Vendredi 16 novembre 2001. George Weston Hall, Toronto
Granados: Douze danses espagnoles: No.1 et No.8
Goyescas
El pelele
Alicia de Larrocha, piano Steinway

Alicia de Larrocha
La race des pianistes a toujours constitué un monde à part au sein du Landernau de la musique classique. Solistes obligés, ils ne possèdent guère d'autre choix que celui d'occuper le devant de la scène dans les deux sens du terme, ayant pour effet de dévoiler au public leurs états d'âmes et, plus prosaïquement, leur condition physique. Pour mémoire, il convient de se rappeler Lipatti en lutte avec la leucémie, Haskil et ses problèmes de dos, Béroff, Fleisher et quelques autres ne devant jouer qu'avec cinq doigts, sans parler d'Argerich en proie à une longue maladie et contrainte d'annuler ses concerts jusqu'au printemps 2002. A l'opposé, le monde des pianistes a aussi façonné des interprètes coriaces dont la pratique instrumentale a pu atteindre des records de longévité. Cortot donnait son dernier récital à Prades à l'âge de 81 ans. Quant à Francis Planté, Isidor Philipp et Arthur Rubinstein, ils jouaient encore à l'aube de leur quatre-vingt dixième anniversaire. A 78 ans, Alicia de Larrocha semble apparentée à cette lignée. Fidèle à son public, elle poursuit inlassablement ses tournées annuelles nord-américaines depuis 1965, choisissant de jouer cet automne à New York, San Francisco, Miami, Toronto, Vancouver et Washington.

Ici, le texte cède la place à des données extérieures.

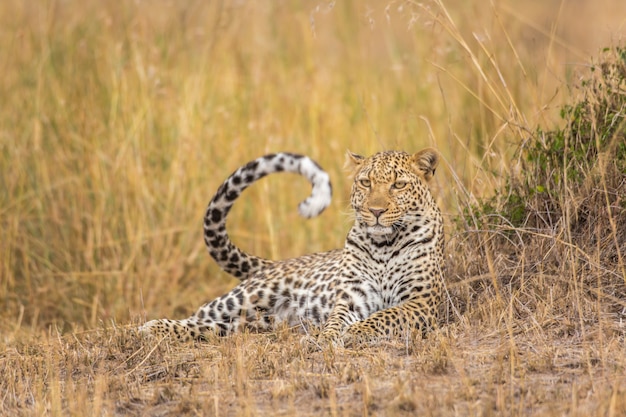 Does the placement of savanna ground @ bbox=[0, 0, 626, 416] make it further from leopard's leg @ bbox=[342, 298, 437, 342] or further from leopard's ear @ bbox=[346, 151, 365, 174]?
leopard's ear @ bbox=[346, 151, 365, 174]

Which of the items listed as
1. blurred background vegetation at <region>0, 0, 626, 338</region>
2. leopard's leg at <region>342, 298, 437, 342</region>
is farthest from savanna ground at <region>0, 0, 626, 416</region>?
leopard's leg at <region>342, 298, 437, 342</region>

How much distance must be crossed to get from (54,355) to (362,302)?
1.89 meters

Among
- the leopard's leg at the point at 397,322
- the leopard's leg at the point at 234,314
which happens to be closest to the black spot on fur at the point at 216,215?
the leopard's leg at the point at 234,314

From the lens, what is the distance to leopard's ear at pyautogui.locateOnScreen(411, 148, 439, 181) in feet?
22.2

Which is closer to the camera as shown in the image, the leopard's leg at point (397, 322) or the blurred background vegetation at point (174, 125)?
the leopard's leg at point (397, 322)

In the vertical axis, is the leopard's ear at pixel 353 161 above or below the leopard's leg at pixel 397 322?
above

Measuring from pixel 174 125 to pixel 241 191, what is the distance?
10.2ft

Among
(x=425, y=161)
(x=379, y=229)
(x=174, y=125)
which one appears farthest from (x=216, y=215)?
(x=174, y=125)

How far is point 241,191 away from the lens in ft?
23.9

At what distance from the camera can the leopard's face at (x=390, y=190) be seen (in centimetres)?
648

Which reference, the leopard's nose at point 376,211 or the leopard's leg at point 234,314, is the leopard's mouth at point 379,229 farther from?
the leopard's leg at point 234,314

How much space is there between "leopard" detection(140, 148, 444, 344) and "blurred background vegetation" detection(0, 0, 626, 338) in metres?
1.95

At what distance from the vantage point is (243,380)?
5145 mm

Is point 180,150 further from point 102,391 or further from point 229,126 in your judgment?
point 102,391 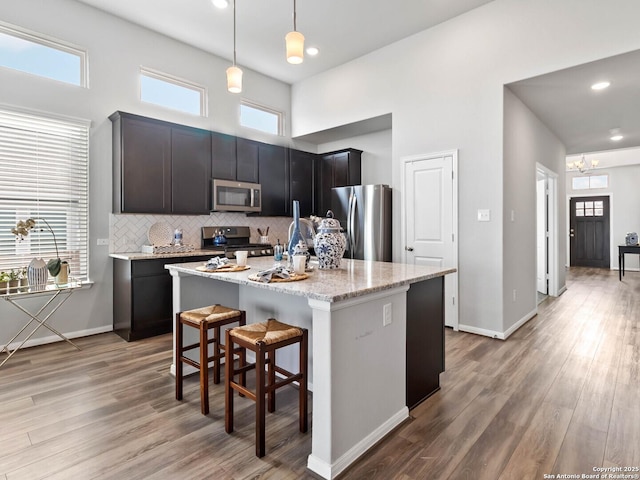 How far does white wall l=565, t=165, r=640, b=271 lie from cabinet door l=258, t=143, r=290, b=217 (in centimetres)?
783

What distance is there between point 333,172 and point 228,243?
2126 mm

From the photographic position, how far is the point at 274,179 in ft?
18.2

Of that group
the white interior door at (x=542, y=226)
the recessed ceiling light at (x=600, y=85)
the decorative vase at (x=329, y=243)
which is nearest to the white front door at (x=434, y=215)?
the recessed ceiling light at (x=600, y=85)

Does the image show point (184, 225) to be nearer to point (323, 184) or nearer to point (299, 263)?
point (323, 184)

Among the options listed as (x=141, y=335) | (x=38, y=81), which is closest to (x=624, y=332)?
(x=141, y=335)

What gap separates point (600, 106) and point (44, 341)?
693 cm

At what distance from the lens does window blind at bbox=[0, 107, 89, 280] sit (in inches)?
138

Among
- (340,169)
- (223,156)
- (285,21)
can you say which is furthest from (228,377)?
(340,169)

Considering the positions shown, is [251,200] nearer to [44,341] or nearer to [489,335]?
[44,341]

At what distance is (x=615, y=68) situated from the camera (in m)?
3.36

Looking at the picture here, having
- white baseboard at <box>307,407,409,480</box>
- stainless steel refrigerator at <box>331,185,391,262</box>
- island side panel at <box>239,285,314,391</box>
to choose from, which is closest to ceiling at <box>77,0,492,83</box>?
stainless steel refrigerator at <box>331,185,391,262</box>

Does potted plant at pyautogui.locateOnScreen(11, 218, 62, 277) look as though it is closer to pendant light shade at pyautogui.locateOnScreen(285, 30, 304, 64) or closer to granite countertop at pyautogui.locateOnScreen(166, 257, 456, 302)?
granite countertop at pyautogui.locateOnScreen(166, 257, 456, 302)

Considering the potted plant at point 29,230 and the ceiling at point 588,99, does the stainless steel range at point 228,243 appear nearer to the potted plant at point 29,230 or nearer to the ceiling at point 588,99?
the potted plant at point 29,230

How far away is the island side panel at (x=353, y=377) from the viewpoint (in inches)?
66.7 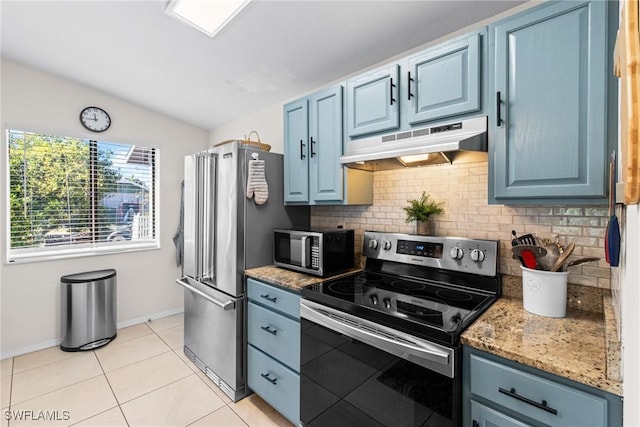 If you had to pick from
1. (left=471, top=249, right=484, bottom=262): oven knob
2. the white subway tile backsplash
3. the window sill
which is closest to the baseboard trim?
the window sill

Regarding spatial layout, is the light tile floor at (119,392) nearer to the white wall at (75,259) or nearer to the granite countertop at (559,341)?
the white wall at (75,259)

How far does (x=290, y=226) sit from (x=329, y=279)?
2.46ft

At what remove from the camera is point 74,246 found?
321 centimetres

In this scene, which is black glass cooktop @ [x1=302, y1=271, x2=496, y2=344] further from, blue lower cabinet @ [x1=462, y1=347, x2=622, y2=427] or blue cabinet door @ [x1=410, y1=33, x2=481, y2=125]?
blue cabinet door @ [x1=410, y1=33, x2=481, y2=125]

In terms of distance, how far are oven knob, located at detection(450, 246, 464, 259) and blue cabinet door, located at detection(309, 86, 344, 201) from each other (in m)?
0.78

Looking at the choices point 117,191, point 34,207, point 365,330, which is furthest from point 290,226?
point 34,207

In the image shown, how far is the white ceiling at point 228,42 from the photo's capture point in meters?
1.76

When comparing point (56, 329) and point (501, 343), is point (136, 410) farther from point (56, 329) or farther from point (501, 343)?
point (501, 343)

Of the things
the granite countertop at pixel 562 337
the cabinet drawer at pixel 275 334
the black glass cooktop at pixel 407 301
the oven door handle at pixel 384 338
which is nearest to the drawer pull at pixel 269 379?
the cabinet drawer at pixel 275 334

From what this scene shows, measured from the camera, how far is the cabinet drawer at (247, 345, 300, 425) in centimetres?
187

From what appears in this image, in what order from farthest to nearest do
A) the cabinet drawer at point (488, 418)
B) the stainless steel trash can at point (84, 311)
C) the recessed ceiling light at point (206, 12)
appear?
the stainless steel trash can at point (84, 311)
the recessed ceiling light at point (206, 12)
the cabinet drawer at point (488, 418)


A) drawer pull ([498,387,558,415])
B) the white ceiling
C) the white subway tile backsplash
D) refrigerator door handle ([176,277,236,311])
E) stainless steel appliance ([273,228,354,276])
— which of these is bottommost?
refrigerator door handle ([176,277,236,311])

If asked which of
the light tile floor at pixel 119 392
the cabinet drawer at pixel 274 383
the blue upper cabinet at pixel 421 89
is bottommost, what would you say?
the light tile floor at pixel 119 392

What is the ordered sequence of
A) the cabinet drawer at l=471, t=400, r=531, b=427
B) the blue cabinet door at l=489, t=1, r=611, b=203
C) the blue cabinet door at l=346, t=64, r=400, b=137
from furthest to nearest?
the blue cabinet door at l=346, t=64, r=400, b=137 < the blue cabinet door at l=489, t=1, r=611, b=203 < the cabinet drawer at l=471, t=400, r=531, b=427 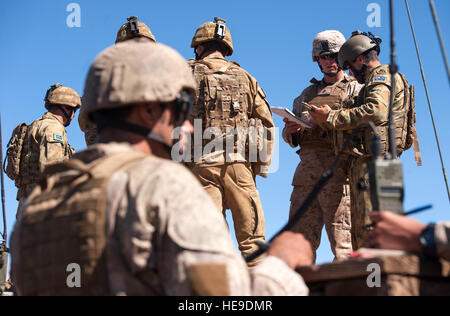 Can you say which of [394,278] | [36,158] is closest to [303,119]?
[36,158]

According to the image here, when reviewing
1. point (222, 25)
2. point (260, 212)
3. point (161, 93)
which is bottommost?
point (161, 93)

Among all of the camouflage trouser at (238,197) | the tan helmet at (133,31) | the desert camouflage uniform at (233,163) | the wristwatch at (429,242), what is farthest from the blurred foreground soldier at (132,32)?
the wristwatch at (429,242)

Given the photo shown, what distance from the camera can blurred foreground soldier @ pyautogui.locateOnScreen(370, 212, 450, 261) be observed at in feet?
9.17

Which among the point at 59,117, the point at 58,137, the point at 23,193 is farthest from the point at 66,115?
the point at 23,193

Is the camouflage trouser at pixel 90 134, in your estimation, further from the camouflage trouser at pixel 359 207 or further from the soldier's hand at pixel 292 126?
Answer: the camouflage trouser at pixel 359 207

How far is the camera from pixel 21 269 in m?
2.82

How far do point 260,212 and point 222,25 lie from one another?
232 centimetres

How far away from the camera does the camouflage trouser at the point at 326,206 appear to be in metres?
A: 7.46

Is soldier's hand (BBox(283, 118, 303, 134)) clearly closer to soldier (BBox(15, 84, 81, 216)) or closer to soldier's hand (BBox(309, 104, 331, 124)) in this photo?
soldier's hand (BBox(309, 104, 331, 124))

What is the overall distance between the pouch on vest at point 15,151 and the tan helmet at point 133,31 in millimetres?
1973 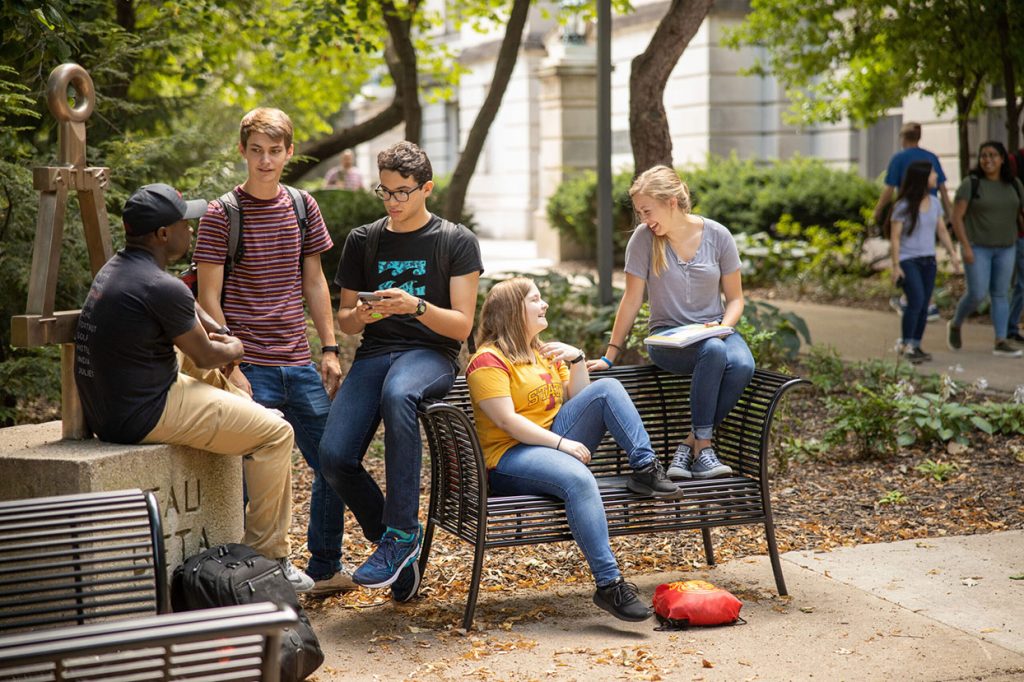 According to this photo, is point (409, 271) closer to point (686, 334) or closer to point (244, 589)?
point (686, 334)

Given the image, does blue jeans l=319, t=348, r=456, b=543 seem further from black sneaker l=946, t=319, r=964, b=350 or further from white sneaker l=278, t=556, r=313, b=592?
black sneaker l=946, t=319, r=964, b=350

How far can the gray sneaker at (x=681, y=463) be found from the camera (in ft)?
16.3

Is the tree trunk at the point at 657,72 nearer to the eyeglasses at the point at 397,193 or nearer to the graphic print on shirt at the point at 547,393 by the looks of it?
the graphic print on shirt at the point at 547,393

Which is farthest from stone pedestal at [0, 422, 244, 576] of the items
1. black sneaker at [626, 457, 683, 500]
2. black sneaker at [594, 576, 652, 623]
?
black sneaker at [626, 457, 683, 500]

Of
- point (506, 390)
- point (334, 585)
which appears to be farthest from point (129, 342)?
point (334, 585)

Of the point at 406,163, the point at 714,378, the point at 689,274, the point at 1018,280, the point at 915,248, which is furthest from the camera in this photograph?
the point at 1018,280

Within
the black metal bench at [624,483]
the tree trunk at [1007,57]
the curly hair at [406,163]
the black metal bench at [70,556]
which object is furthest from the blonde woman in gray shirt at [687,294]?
the tree trunk at [1007,57]

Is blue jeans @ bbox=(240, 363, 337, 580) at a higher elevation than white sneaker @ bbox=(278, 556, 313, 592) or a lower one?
higher

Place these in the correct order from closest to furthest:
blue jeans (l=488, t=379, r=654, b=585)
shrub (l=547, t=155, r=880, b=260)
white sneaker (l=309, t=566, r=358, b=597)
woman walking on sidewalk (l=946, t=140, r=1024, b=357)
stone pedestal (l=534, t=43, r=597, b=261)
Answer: blue jeans (l=488, t=379, r=654, b=585), white sneaker (l=309, t=566, r=358, b=597), woman walking on sidewalk (l=946, t=140, r=1024, b=357), shrub (l=547, t=155, r=880, b=260), stone pedestal (l=534, t=43, r=597, b=261)

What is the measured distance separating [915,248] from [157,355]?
754cm

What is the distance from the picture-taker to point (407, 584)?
4781mm

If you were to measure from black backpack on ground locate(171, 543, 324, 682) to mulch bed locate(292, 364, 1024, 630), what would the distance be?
777mm

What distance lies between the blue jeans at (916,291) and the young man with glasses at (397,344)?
630cm

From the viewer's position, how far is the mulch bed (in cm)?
506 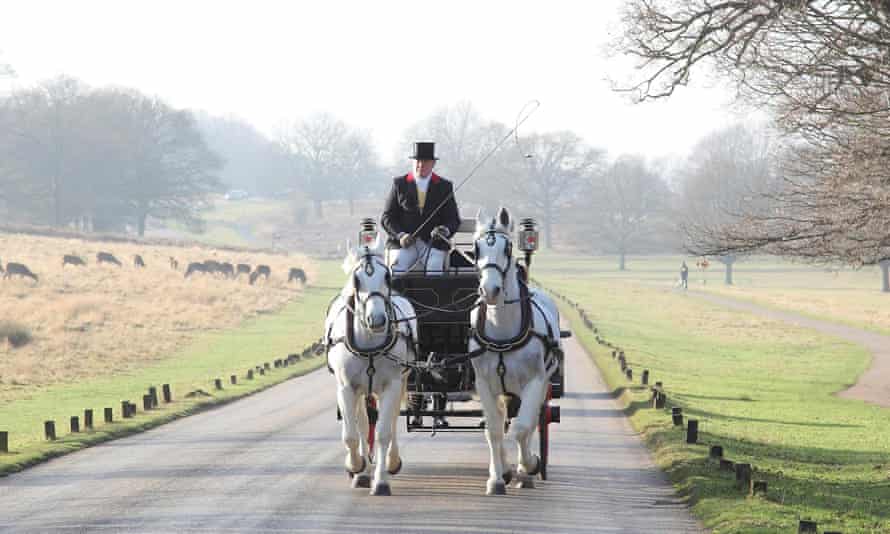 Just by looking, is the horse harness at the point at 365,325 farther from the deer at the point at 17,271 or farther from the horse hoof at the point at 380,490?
the deer at the point at 17,271

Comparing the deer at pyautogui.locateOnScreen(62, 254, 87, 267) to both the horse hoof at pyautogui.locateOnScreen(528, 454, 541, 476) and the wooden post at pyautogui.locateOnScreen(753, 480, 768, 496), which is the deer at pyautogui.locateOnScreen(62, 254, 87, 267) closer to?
the horse hoof at pyautogui.locateOnScreen(528, 454, 541, 476)

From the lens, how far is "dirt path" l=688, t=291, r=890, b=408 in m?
30.8

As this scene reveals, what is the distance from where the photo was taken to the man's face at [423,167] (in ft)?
47.6

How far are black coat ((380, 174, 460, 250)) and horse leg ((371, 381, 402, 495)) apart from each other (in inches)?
91.4

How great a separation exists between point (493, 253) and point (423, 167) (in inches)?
111

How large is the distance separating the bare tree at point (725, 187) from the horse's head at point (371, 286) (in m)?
11.8

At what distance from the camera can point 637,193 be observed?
116m

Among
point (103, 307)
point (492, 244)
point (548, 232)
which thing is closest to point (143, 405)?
point (492, 244)

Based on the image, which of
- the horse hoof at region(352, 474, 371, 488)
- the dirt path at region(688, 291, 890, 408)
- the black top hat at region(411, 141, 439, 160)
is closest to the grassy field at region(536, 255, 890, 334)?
the dirt path at region(688, 291, 890, 408)

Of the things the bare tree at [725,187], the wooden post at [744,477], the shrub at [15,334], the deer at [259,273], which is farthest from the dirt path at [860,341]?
the deer at [259,273]

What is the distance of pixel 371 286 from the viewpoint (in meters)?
12.2

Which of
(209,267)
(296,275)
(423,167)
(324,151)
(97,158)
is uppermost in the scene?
(324,151)

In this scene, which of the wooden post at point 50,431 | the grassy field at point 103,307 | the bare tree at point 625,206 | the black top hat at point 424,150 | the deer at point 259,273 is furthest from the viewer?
the bare tree at point 625,206

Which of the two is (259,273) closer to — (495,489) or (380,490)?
(380,490) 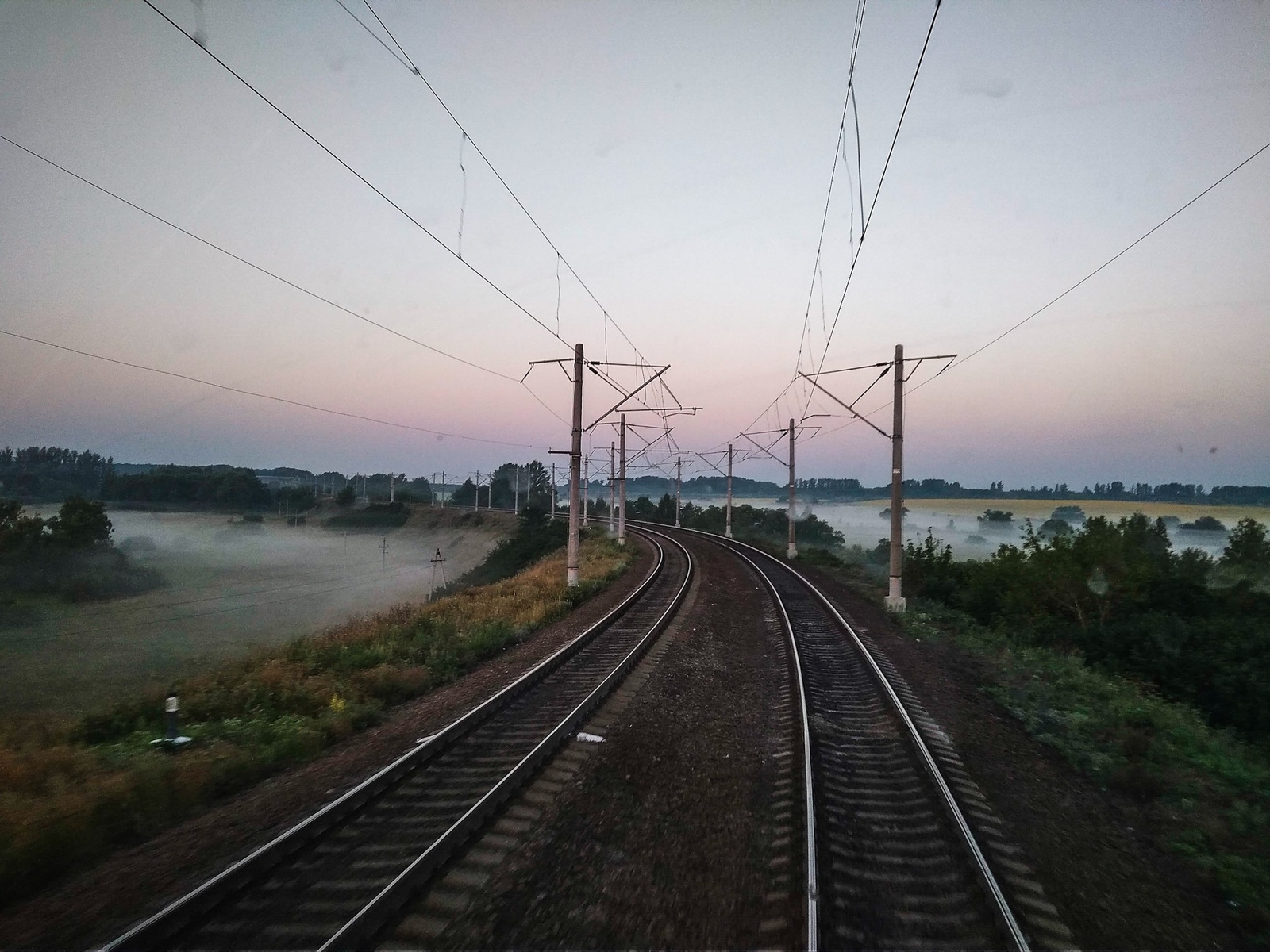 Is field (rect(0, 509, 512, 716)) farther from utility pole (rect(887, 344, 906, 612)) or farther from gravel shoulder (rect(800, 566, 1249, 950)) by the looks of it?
utility pole (rect(887, 344, 906, 612))

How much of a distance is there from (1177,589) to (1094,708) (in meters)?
13.5

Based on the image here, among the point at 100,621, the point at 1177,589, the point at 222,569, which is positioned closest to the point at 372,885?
the point at 1177,589

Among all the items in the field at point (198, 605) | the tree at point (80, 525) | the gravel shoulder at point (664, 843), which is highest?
the tree at point (80, 525)

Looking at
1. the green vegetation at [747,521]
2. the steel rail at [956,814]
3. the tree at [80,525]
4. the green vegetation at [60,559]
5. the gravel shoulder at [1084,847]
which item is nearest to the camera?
the steel rail at [956,814]

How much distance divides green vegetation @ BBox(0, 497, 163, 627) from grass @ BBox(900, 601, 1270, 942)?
40805 mm

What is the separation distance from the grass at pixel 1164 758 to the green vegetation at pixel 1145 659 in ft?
0.08

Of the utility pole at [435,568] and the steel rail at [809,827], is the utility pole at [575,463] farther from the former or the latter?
the utility pole at [435,568]

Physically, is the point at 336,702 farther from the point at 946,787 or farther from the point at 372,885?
the point at 946,787

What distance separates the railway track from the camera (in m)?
4.61

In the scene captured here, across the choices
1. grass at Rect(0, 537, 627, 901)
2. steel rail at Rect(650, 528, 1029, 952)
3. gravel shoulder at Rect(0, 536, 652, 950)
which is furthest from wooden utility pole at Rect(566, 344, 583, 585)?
gravel shoulder at Rect(0, 536, 652, 950)

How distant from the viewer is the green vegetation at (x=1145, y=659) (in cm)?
729

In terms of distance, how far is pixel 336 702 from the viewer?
408 inches

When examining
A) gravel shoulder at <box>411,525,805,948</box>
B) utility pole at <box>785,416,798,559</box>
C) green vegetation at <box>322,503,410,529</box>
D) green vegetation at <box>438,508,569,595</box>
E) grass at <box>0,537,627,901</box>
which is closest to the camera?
gravel shoulder at <box>411,525,805,948</box>

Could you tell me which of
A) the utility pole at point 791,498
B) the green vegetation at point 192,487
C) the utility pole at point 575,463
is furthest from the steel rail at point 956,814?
the green vegetation at point 192,487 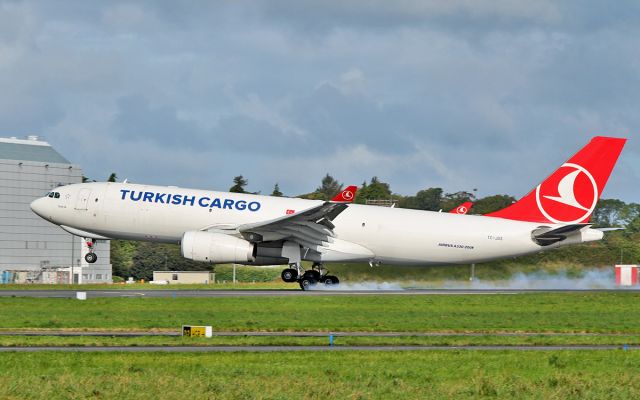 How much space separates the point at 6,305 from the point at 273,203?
1735 cm

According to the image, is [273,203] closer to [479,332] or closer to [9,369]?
[479,332]

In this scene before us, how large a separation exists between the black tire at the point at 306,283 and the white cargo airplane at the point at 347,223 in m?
0.06

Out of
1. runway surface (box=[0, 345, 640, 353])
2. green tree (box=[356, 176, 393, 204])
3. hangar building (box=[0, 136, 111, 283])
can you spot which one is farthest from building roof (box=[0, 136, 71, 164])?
runway surface (box=[0, 345, 640, 353])

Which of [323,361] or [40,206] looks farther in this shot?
[40,206]

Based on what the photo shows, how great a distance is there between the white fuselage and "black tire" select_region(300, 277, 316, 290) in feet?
5.62

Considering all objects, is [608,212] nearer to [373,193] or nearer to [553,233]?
[373,193]

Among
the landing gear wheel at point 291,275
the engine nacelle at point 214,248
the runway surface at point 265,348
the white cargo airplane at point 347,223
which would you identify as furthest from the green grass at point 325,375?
the landing gear wheel at point 291,275

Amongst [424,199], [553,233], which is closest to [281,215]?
[553,233]

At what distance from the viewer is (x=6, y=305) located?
4141cm

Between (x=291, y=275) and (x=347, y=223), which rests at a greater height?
(x=347, y=223)

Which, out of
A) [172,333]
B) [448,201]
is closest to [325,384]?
[172,333]

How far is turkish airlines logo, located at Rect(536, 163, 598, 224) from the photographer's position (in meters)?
54.6

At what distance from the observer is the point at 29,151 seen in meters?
118

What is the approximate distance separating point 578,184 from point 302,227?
1524 centimetres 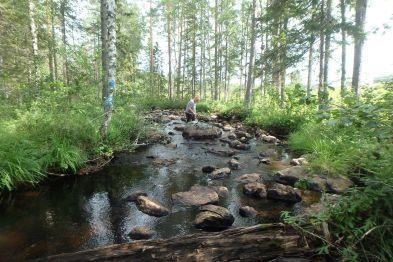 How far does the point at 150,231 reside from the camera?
15.4ft

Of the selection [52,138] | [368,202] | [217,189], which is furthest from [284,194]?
[52,138]

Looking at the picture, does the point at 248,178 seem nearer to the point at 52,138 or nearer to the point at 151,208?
the point at 151,208

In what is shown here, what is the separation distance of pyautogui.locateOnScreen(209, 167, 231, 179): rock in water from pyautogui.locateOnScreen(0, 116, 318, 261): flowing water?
6.5 inches

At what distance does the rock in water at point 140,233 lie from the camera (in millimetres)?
4566

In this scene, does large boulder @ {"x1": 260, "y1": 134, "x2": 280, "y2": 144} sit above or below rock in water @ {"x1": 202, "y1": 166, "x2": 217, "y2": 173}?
above

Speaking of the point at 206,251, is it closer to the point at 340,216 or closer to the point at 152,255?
the point at 152,255

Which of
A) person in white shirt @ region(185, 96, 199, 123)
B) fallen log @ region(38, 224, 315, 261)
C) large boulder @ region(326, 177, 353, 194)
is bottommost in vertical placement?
large boulder @ region(326, 177, 353, 194)

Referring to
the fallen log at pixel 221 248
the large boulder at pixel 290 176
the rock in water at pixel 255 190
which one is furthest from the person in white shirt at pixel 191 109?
the fallen log at pixel 221 248

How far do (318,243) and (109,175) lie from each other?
19.8ft

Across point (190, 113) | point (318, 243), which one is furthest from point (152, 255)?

Autoritaire dans le regard autant que dans sa manière de jouer, cette militante de l'anti-excès fit une fois de plus la démonstration qu'entre deux bornes, demeure un infini de finesse et de rafinement. Contrairement à certains pour lesquels la mesure contre l'extravagance prend des allures de morne plaine, Alicia de Larrocha se présenta, comme à l'accoutumée, en héraut de la défense du style dans l'interprétation pianistique. D'aucuns ergoteront sur les notes manquantes dans Asturiana ou sur les traits manqués de Los requiebros. Ces prérogatives de l'âge sage et d'un génie toujours en alerte s'effacent devant une conviction artistique et une vision du tout stylistique, rompues à l'expérience d'une lecture cent fois remise sur le métier. Pour qui connaît ses différentes versions des Goyescas, celle-ci s'inscrit au troisième degré et paraît franchir le miroir musical de l'oeuvre afin d'en dévoiler ses terra incognita. Dosant les contre-chants et les basses dans le Coloquio, menant le Fandango avec rigueur, elle ménage une multitude d'intentions allant de la quasi improvisation du Quejas aux basses menaçantes de l'Epilogue, sans oublier ce thème de El amor y la muerte sussuré comme une vieille histoire de village que l'on tient à l'abris des jeunes oreilles et des étrangers. L'ensemble de ses intentions convergent en un point non loin du centre émotionnel de l'auditeur, devenu musicien et convié à partager ses confidences. Chaque note contribue à le faire entrer dans sa légende et révèle une mémoire oubliée dont elle seule possède la clef. Un tel magnétisme et les traces qu'il imprime dans nos sensibilités ne sont pas sans conséquence. Ils relèguent de facto la plèbe des techniciens du clavier à leurs numéros de gymnastique digitale.